(Data excerpt begins)

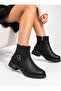 Women's Emerald Smoked Double Buckle Zippered Comfortable Daily Short Boots - 4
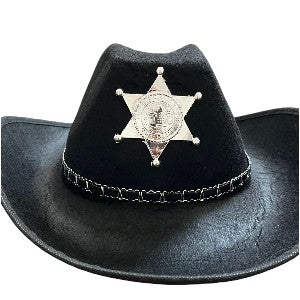 Sombrero de sheriff de vaquero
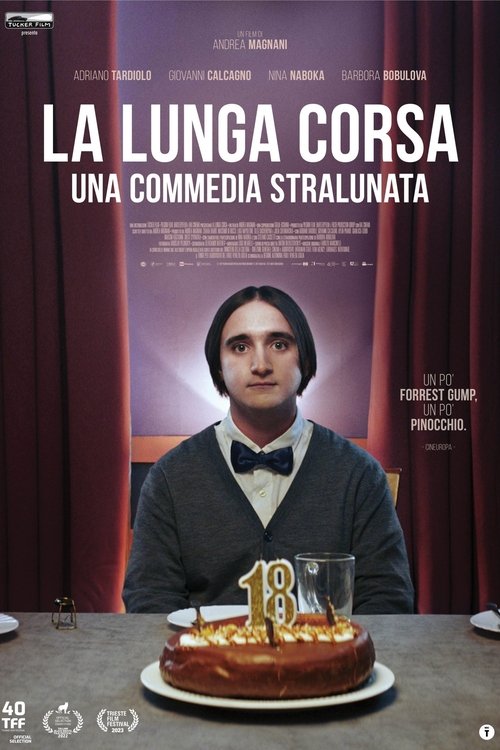 Background poster of La lunga corsa blurred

(Data excerpt ends)

* [Activity] Begin at the line containing "Sombrero de sheriff de vaquero" and stop at the last line of the data. Repeat only those lines, exactly, and leave out the pictures.

* [Task result]
 Sombrero de sheriff de vaquero
 Background poster of La lunga corsa blurred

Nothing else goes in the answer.